Adversarial attacks are a major deterrent towards the reliable use of machine learning models. A powerful type of adversarial attacks is the patch-based attack, wherein the adversarial perturbations modify localized patches or specific areas within the images to deceive the trained machine learning model. In this paper, we introduce Outlier Detection and Dimension Reduction (ODDR), a holistic defense mechanism designed to effectively mitigate patch-based adversarial attacks. In our approach, we posit that input features corresponding to adversarial patches, whether naturalistic or otherwise, deviate from the inherent distribution of the remaining image sample and can be identified as outliers or anomalies. ODDR employs a three-stage pipeline: Fragmentation, Segregation, and Neutralization, providing a model-agnostic solution applicable to both image classification and object detection tasks. The Fragmentation stage parses the samples into chunks for the subsequent Segregation process. Here, outlier detection techniques identify and segregate the anomalous features associated with adversarial perturbations. The Neutralization stage utilizes dimension reduction methods on the outliers to mitigate the impact of adversarial perturbations without sacrificing pertinent information necessary for the machine learning task. Extensive testing on benchmark datasets and state-of-the-art adversarial patches demonstrates the effectiveness of ODDR. Results indicate robust accuracies matching and lying within a small range of clean accuracies (1%-3% for classification and 3%-5% for object detection), with only a marginal compromise of 1%-2% in performance on clean samples, thereby significantly outperforming other defenses.

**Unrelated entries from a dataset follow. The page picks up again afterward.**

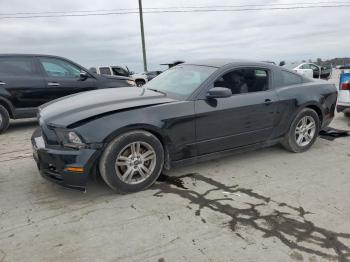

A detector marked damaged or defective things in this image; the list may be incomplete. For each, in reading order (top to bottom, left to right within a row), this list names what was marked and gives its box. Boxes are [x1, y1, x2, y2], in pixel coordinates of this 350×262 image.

damaged front bumper [31, 128, 101, 191]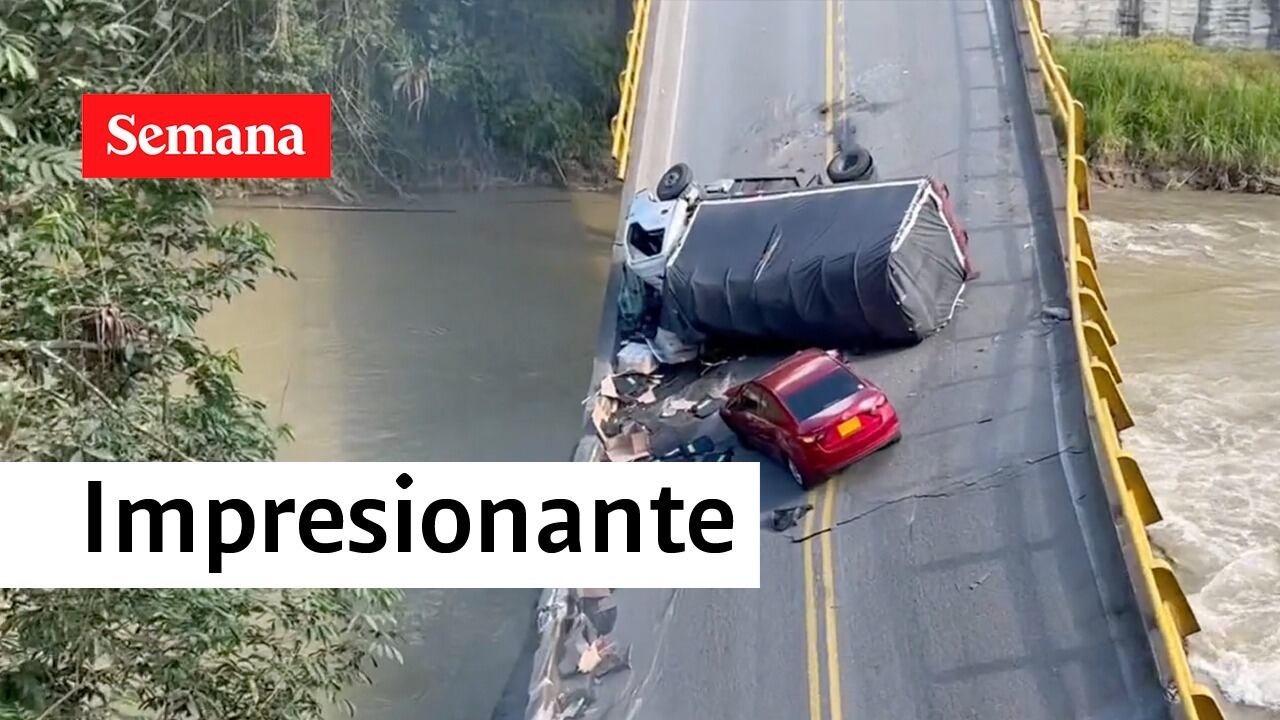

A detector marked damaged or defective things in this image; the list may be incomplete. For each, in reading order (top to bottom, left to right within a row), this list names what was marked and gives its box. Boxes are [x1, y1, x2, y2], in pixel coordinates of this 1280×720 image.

exposed truck wheel [656, 161, 696, 200]
overturned truck [648, 177, 968, 352]
exposed truck wheel [824, 146, 876, 184]
damaged bridge edge [516, 1, 660, 720]
damaged bridge edge [1016, 1, 1224, 720]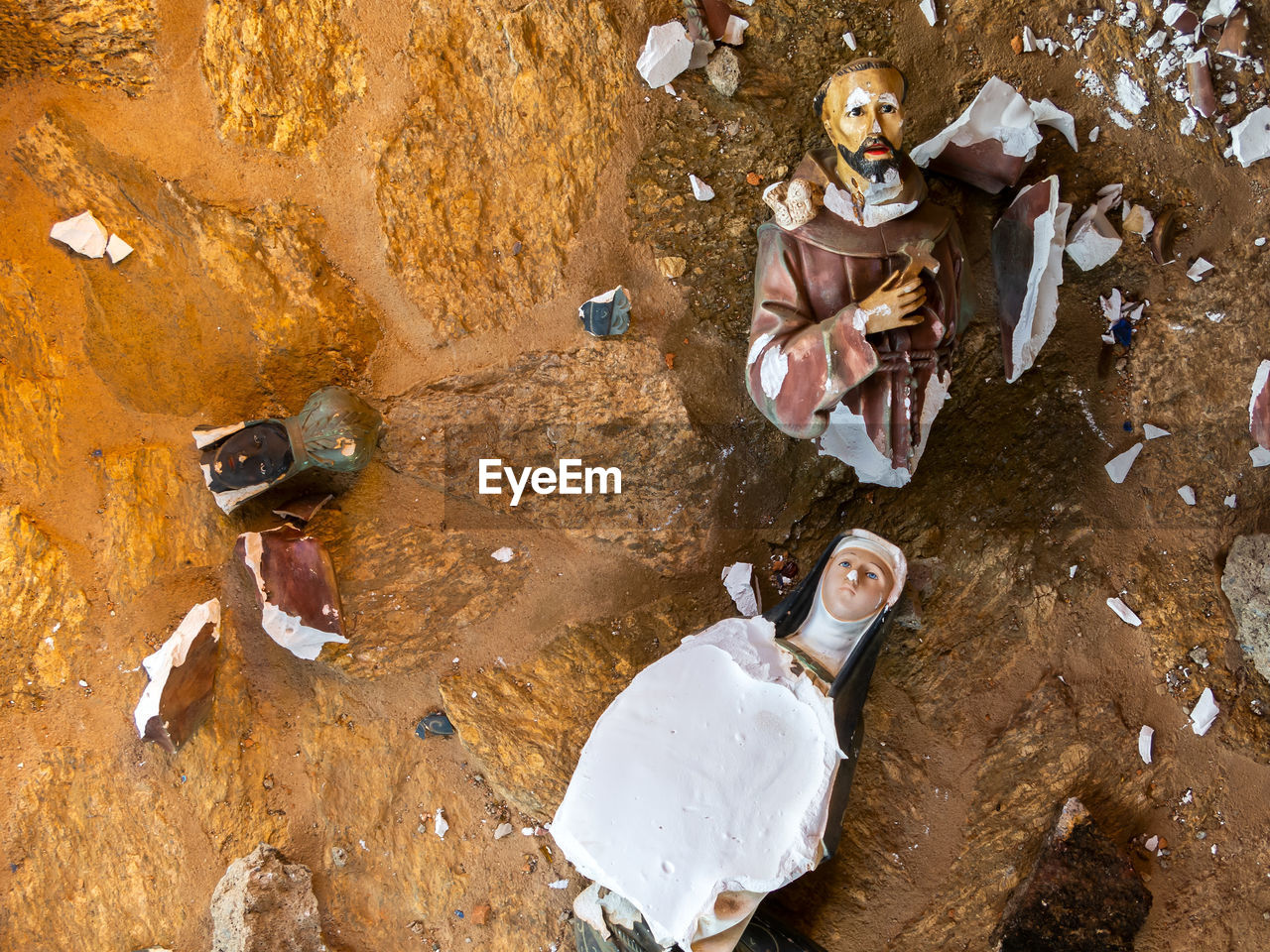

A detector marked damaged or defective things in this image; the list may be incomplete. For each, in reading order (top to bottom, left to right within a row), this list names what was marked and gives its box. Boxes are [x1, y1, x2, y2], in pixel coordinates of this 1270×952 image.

broken ceramic piece [635, 22, 696, 89]
broken ceramic piece [909, 75, 1046, 193]
broken ceramic piece [1229, 107, 1270, 167]
broken ceramic piece [49, 210, 107, 259]
broken ceramic piece [105, 230, 134, 261]
broken ceramic piece [581, 287, 629, 340]
broken friar statue [751, 60, 969, 487]
broken statue head fragment [746, 59, 975, 487]
broken ceramic piece [985, 178, 1067, 386]
broken ceramic piece [1062, 205, 1122, 271]
broken friar statue [190, 383, 383, 515]
broken statue head fragment [192, 386, 381, 515]
broken ceramic piece [192, 386, 381, 515]
broken ceramic piece [271, 495, 332, 525]
broken ceramic piece [1102, 441, 1143, 484]
broken ceramic piece [1249, 360, 1270, 467]
broken ceramic piece [135, 604, 223, 751]
broken statue head fragment [135, 604, 223, 751]
broken statue head fragment [236, 525, 347, 659]
broken ceramic piece [236, 523, 347, 664]
broken friar statue [554, 531, 904, 952]
broken statue head fragment [556, 533, 904, 949]
broken ceramic piece [721, 563, 756, 622]
broken ceramic piece [1107, 599, 1148, 629]
broken ceramic piece [1189, 690, 1218, 736]
broken ceramic piece [995, 801, 1158, 949]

翻译：对抗性攻击是机器学习模型可靠使用的主要障碍。其中一种强大的攻击类型是基于补丁的攻击，通过修改图像中的局部补丁或特定区域来欺骗训练好的机器学习模型。本文提出了一种整体防御机制——异常检测与降维（ODDR），旨在有效缓解基于补丁的对抗性攻击。在该方法中，我们假设与对抗性补丁对应的输入特征（无论是自然形态还是其他形态）会偏离剩余图像样本的固有分布，并可被识别为离群值或异常值。ODDR采用三阶段流水线：碎片化、分离与中和，提供了一种与模型无关的解决方案，适用于图像分类和目标检测任务。碎片化阶段将样本解析为若干片段，以供后续分离过程使用；在该过程中，异常检测技术识别并分离与对抗性扰动相关的异常特征。中和阶段利用降维方法处理异常特征，以减轻对抗性扰动的影响，同时保留机器学习任务所需的关键信息。在基准数据集和现有最优对抗性补丁上的大量测试表明了ODDR的有效性。结果表明，其鲁棒准确率与干净样本准确率相当且波动范围较小（分类任务为1%-3%，目标检测任务为3%-5%），仅在干净样本上的性能损失1%-2%，显著优于其他防御方法。